Us kids were made part of everything—planting potatoes in the spring or walking on the cattle drive, harvesting hay bales in late summer, and shucking peas in the early fall. We lived their lives.
Every winter, Grandpa would hitch up the hay wagon and take us on sleigh rides with our friends, and always found the time to build us a great sliding hill that would surge us out onto the frozen creek bed on our “flying saucers.”
I have the best of both worlds now. I live where I made the memories.
My Grandpa and Grandma Drennan died in 1996 and 2006, respectively, and I think it still will be a long, long time before I don’t hear their voices around this old place.
Grandpa Drennan had a mighty soul stocked with discipline and work ethics that measured hands above any draft horse of his day. And when I walk with intent across the yard from the house to the barn, I remember watching him do the same thing as if on a mission.
Yep, we are definitely related.
But if Grandpa were alive today, I wonder what he would have thought if he’d have walked into the barn in the days before the family reunion and seen what I had done to the place.

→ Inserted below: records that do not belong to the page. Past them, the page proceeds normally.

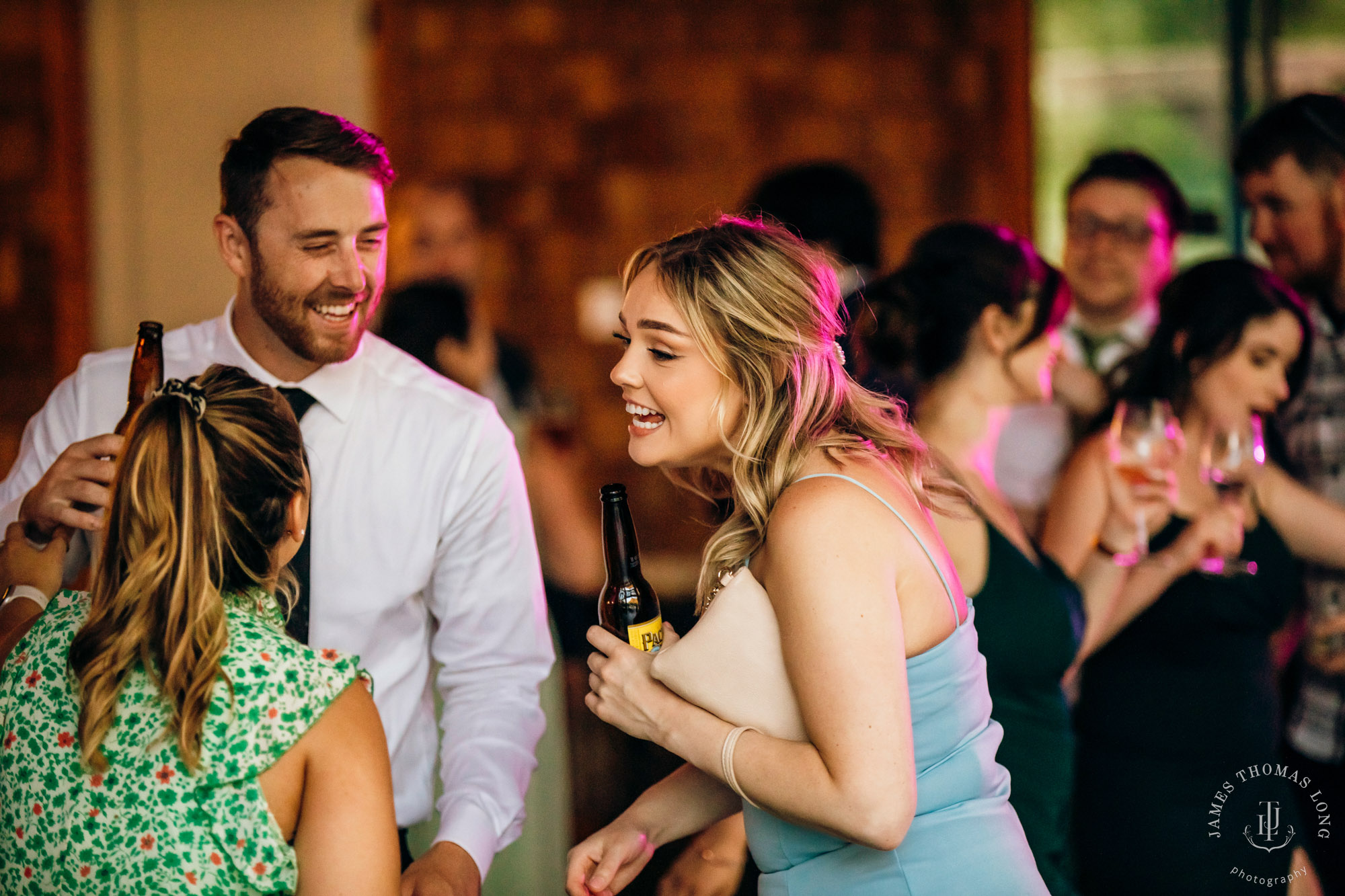 North Fork Farm Snoqualmie wedding by Snoqualmie wedding photographer James Thomas Long Photography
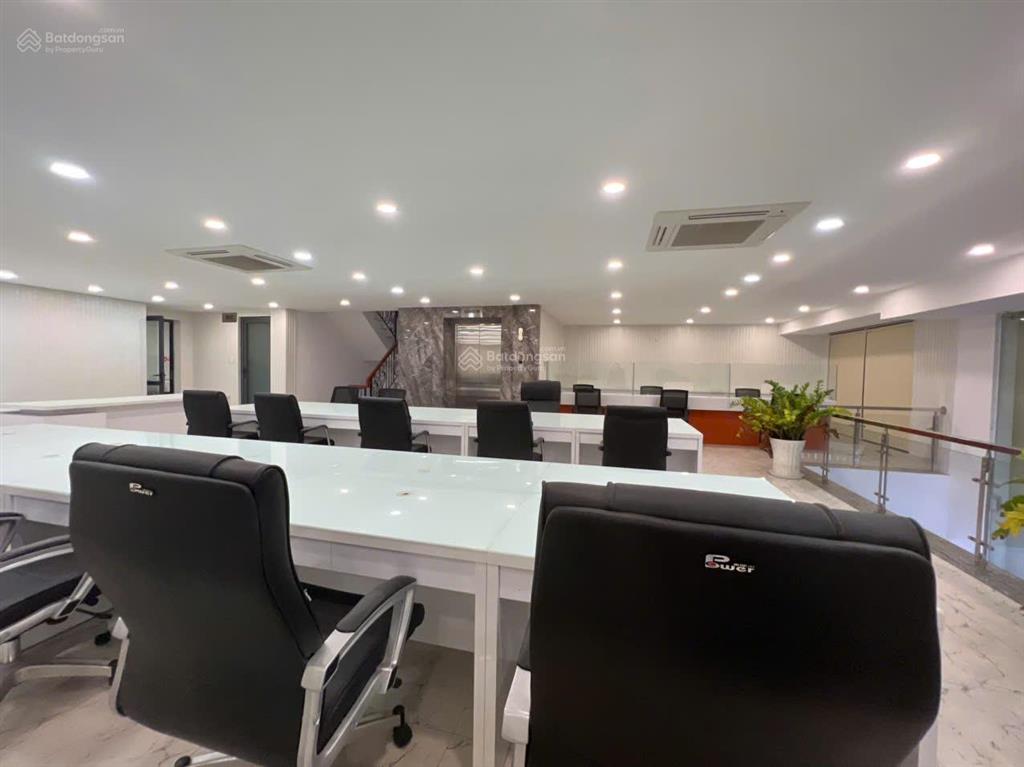 Cho thuê văn phòng vip tại thạnh mỹ lợi  dt 1450m2  giá chỉ 250 triệu/ tháng   em ngay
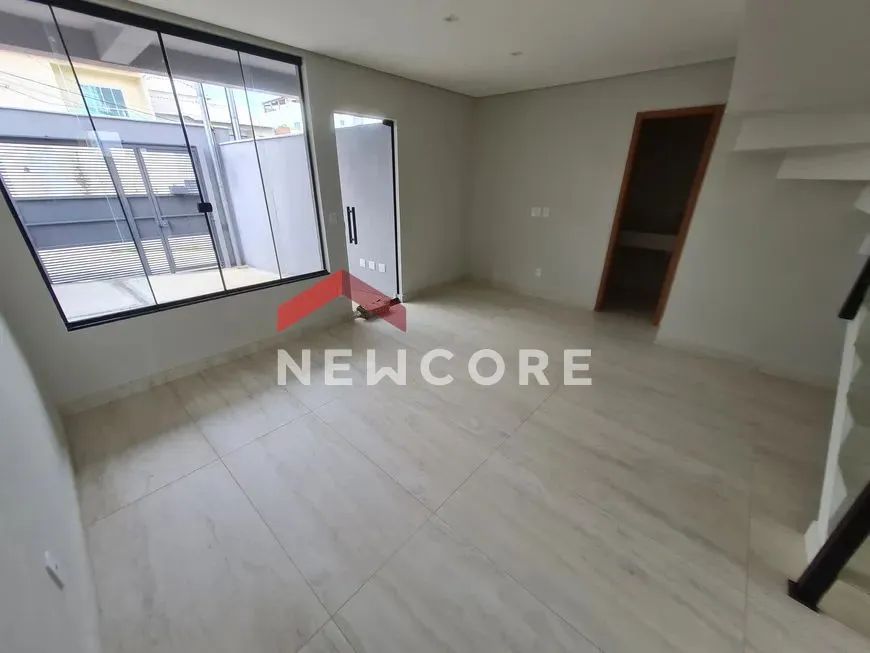 Casa em Avenida João Soares - Parque Xangri-Lá - Contagem/MG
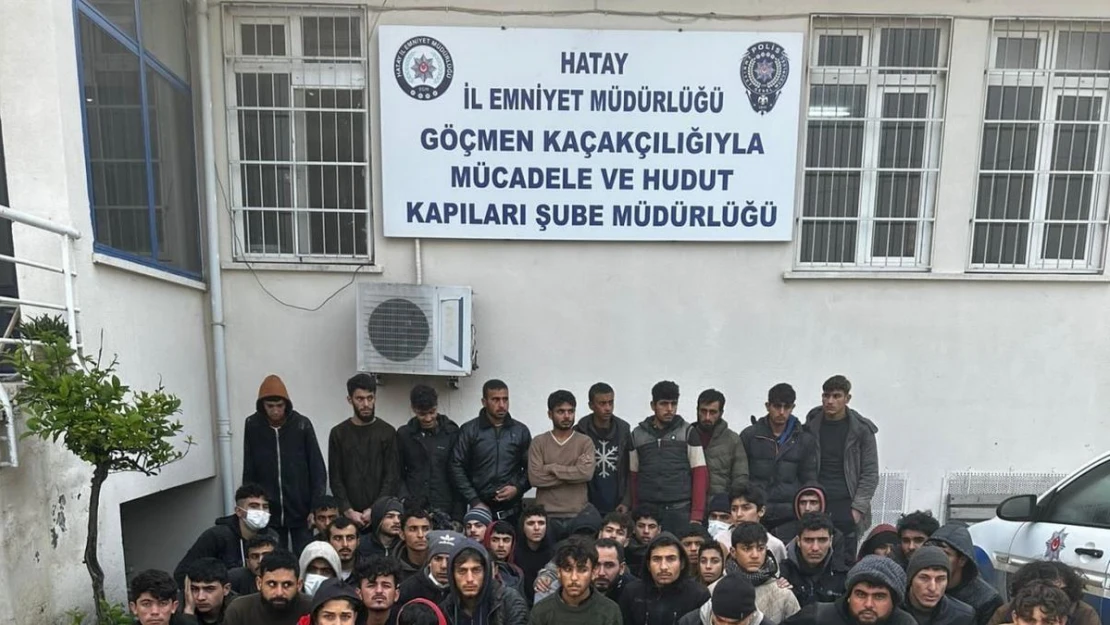 Minibüse ve arkasındaki römorka tıka basa doldurulan 53 kaçak göçmen yakalandı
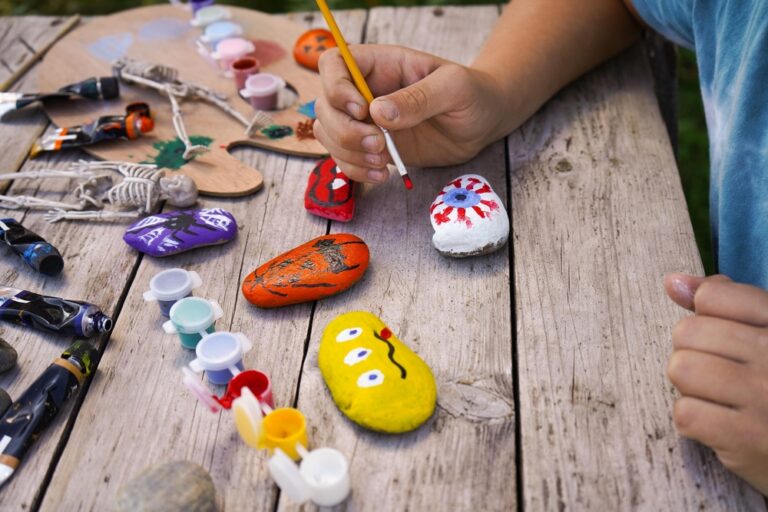 Diy,Concept.,A,Detailed,Picture,Of,A,Child's,Hands,Drawing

And there I’d be dusting and polishing the place so shiny and fine as “Bat Out of Hell” by Meatloaf roared out of two big stereo speakers hanging from the ceiling.
I wonder what he would have said. I believe he would, with deep pride, understand the passion that was bouncing around in there.
I’d been on a mission all summer to ready this old homestead and barn for the end of July and the “Drennan Reunion,” wherein a spirited bunch of some 65 Irish descendants who hadn’t partied together in nine years would move in with their camper trailers and tents for the last weekend in July.
Post hoc, I dare say the spirited bunch did not disappoint their Irish ancestors.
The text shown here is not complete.